_Information provided:_
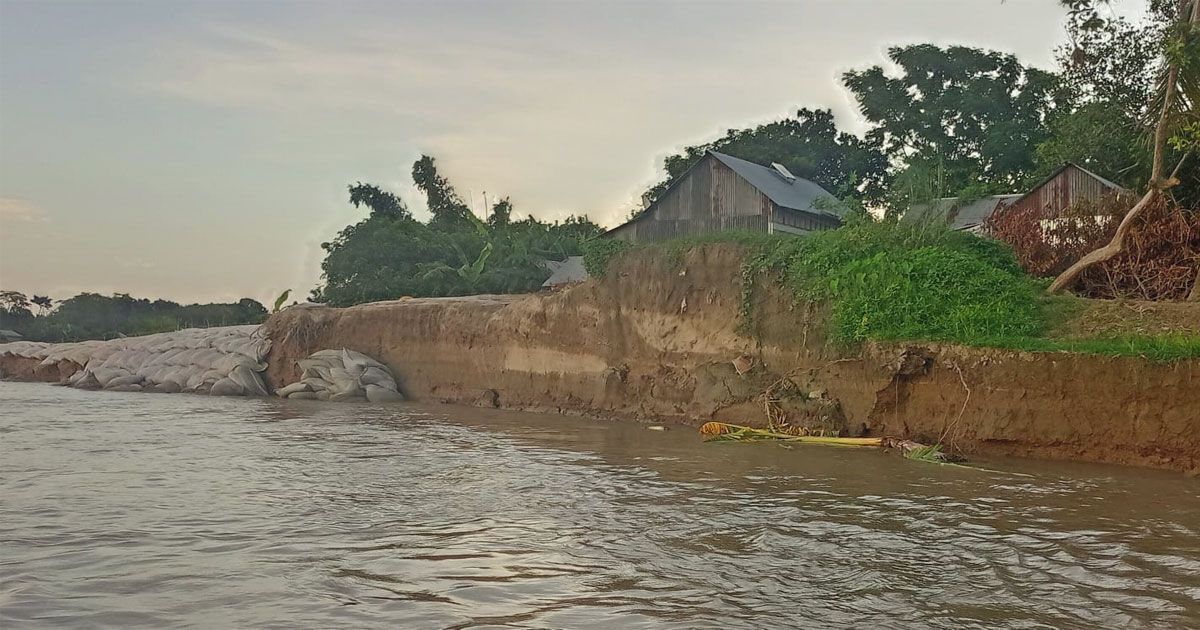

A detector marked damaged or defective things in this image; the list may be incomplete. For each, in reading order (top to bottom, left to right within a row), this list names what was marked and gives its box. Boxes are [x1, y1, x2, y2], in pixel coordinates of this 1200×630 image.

damaged embankment [264, 247, 1200, 474]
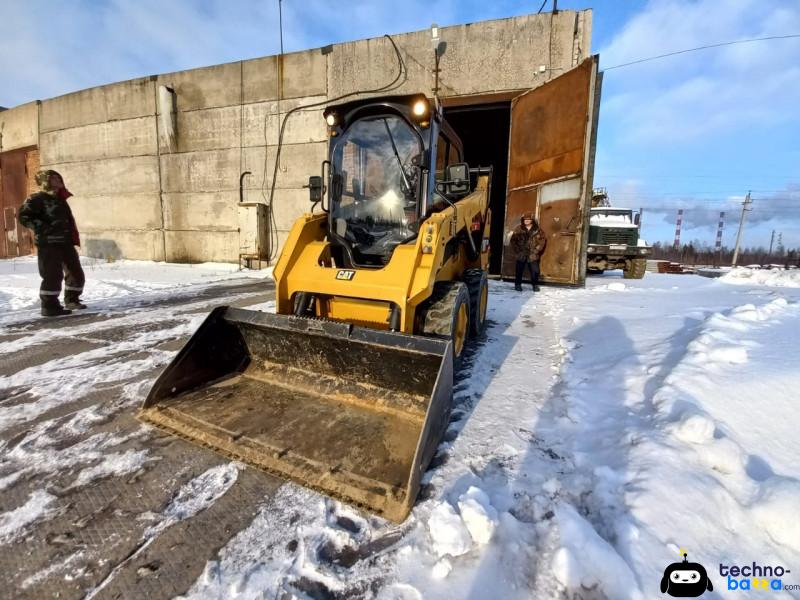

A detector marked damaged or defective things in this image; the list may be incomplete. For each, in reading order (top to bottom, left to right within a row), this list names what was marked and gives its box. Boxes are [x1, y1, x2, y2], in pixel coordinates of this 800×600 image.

rusty metal door [0, 148, 37, 258]
rusty metal door [500, 55, 600, 284]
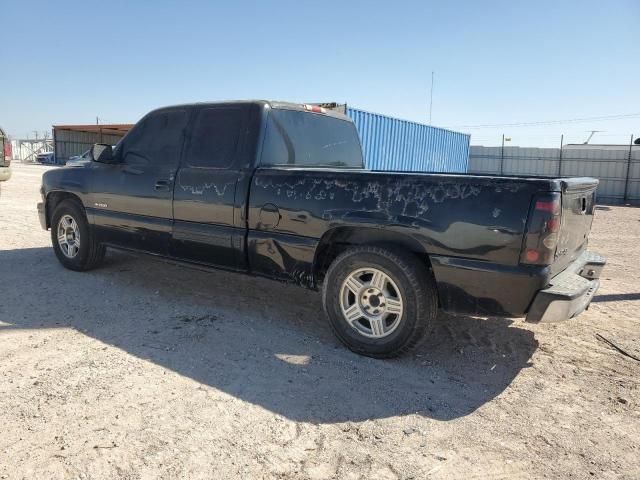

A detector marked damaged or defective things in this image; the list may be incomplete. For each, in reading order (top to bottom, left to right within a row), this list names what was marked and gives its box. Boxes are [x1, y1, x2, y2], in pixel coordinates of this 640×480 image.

peeling paint on truck body [40, 101, 600, 318]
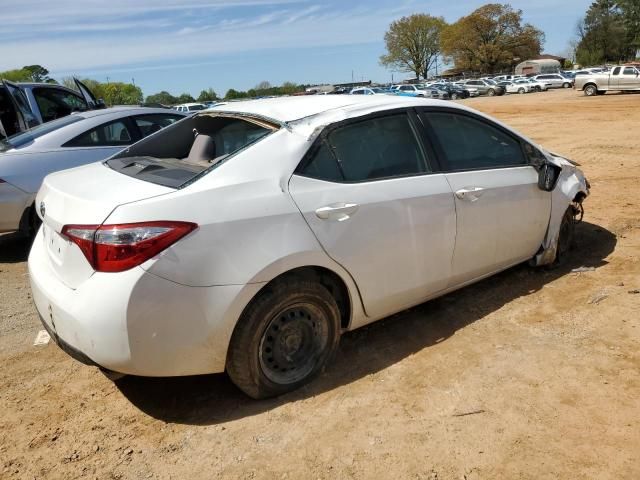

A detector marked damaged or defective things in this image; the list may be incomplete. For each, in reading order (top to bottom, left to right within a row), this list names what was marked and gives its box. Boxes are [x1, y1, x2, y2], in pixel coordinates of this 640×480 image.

front-end collision damage [532, 152, 588, 266]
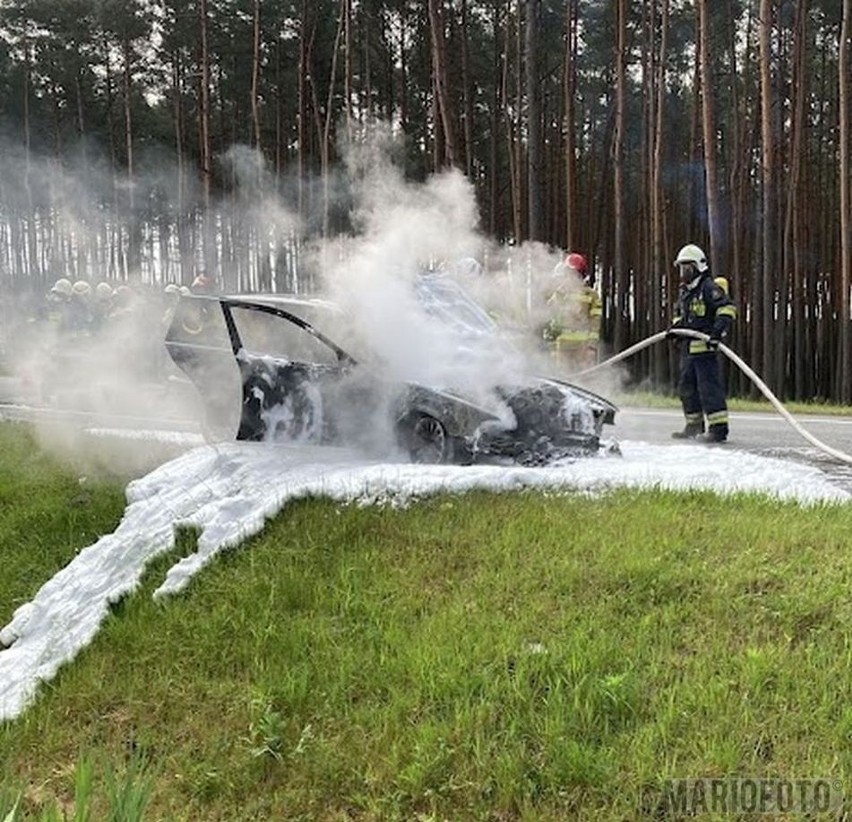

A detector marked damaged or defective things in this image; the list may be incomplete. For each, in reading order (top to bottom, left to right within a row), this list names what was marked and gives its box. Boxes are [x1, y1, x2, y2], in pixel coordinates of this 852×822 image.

burned car [165, 292, 620, 466]
charred car body [165, 292, 620, 466]
burnt tire [398, 416, 456, 466]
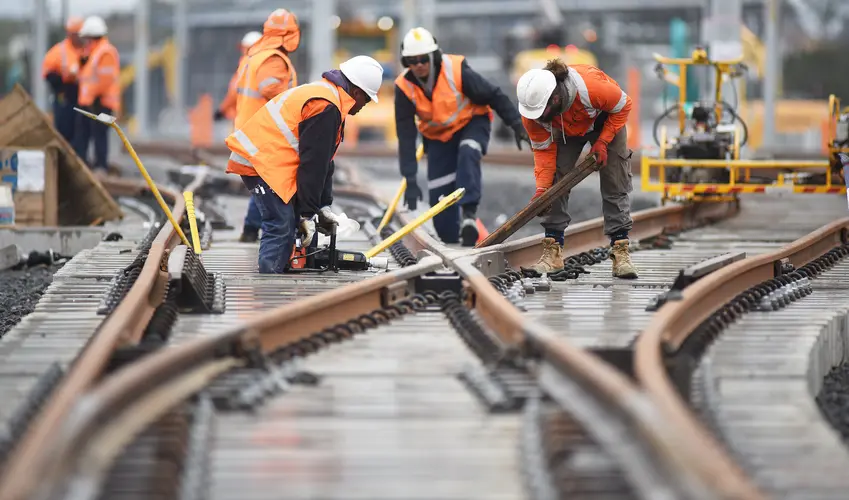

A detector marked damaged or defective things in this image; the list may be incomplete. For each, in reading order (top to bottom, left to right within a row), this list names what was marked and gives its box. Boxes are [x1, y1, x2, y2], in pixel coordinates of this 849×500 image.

rusty rail [0, 173, 207, 500]
rusty rail [632, 219, 848, 500]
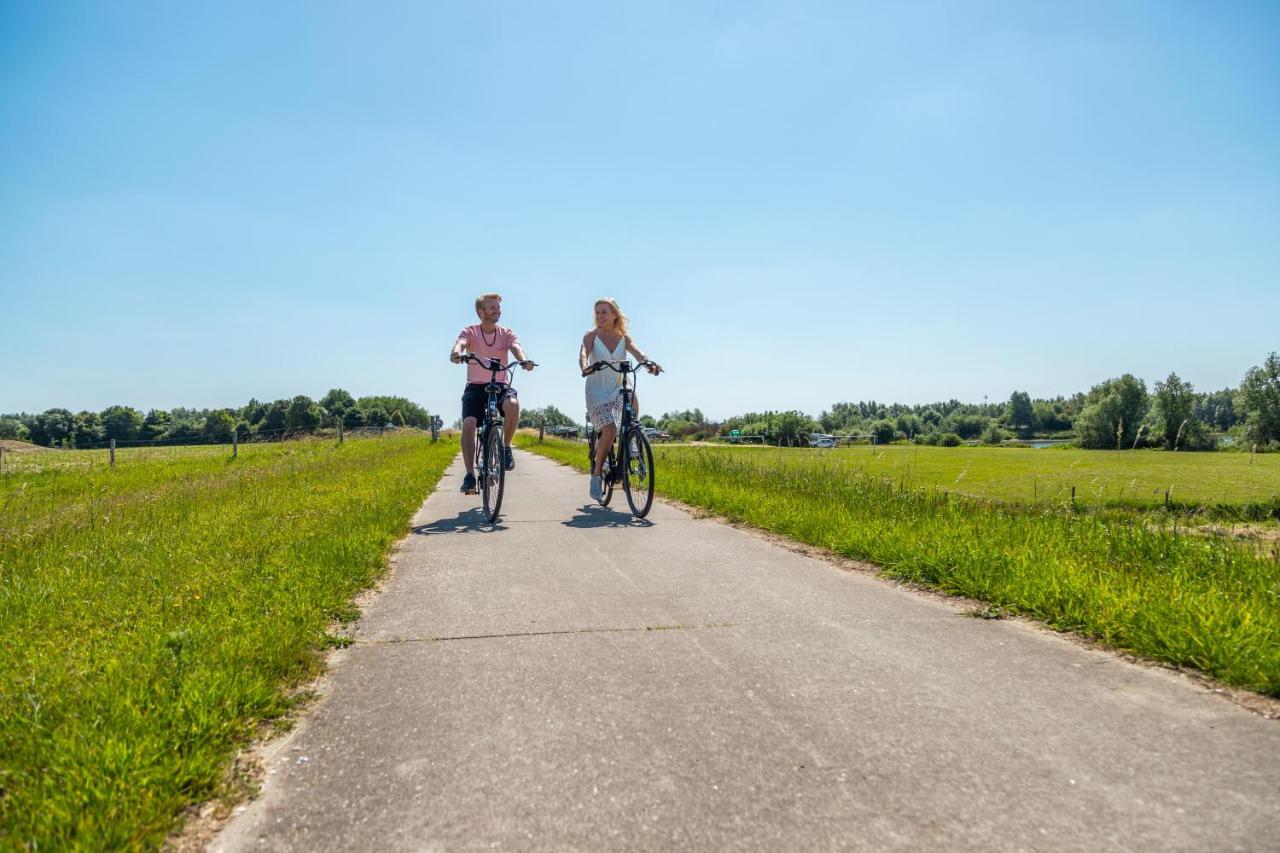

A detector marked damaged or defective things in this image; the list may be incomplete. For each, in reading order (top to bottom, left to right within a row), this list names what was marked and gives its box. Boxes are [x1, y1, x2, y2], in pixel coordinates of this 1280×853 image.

_What the task requires:_ Print out the complete listing above exactly, dropping each image.

_Result below:_
A detector marked damaged or defective things in this image; the list may be incomplete. For each, in reading order (top to bottom, left to right within a row), this list names what was marked and gives its box. Boxes are [x1, y1, x2, y2], in pixel coordinates of this 1200×630 image.

damaged embankment [264, 247, 1200, 474]

A detector marked damaged or defective things in this image; the list may be incomplete. For each, in reading order (top to bottom, left to right within a row), this list names what was marked and gives its box. Boxes are [x1, y1, x2, y2], in pixel coordinates of this 800×600 image.

rusty metal door [0, 148, 37, 258]
rusty metal door [500, 55, 600, 284]

A detector marked damaged or defective things in this image; the list may be incomplete. For each, in reading order (top to bottom, left to right within a row), this list names what was marked and gives its box. Boxes are [x1, y1, x2, y2], in pixel coordinates of this 640×480 image.

peeling paint on truck body [40, 101, 600, 318]

A detector marked damaged or defective things in this image; the list may be incomplete. For each, in reading order (top to bottom, left to right within a row), this list names what was marked and gives its box. Boxes are [x1, y1, x2, y2], in pixel coordinates of this 640×480 image.

front-end collision damage [532, 152, 588, 266]

A detector marked damaged or defective things in this image; the list may be incomplete. For each, in reading order (top to bottom, left to right within a row), this list names what was marked and gives its box. Boxes are [x1, y1, x2, y2], in pixel coordinates of this 852×822 image.

burned car [165, 292, 620, 466]
charred car body [165, 292, 620, 466]
burnt tire [398, 416, 456, 466]

A detector marked damaged or defective things in this image; the list may be incomplete. For each, in reading order (top to bottom, left to right within a row), this list names what was marked and gives its box. Boxes are [x1, y1, x2, y2], in pixel coordinates of this 849×500 image.

rusty rail [0, 173, 207, 500]
rusty rail [632, 219, 848, 500]

A detector marked damaged or defective things in this image; the list may be incomplete. For each, in reading order (top to bottom, left to right within a row), this list names what was marked and gives its box. Boxes are [x1, y1, x2, y2], in pixel coordinates of this 1280×853 image.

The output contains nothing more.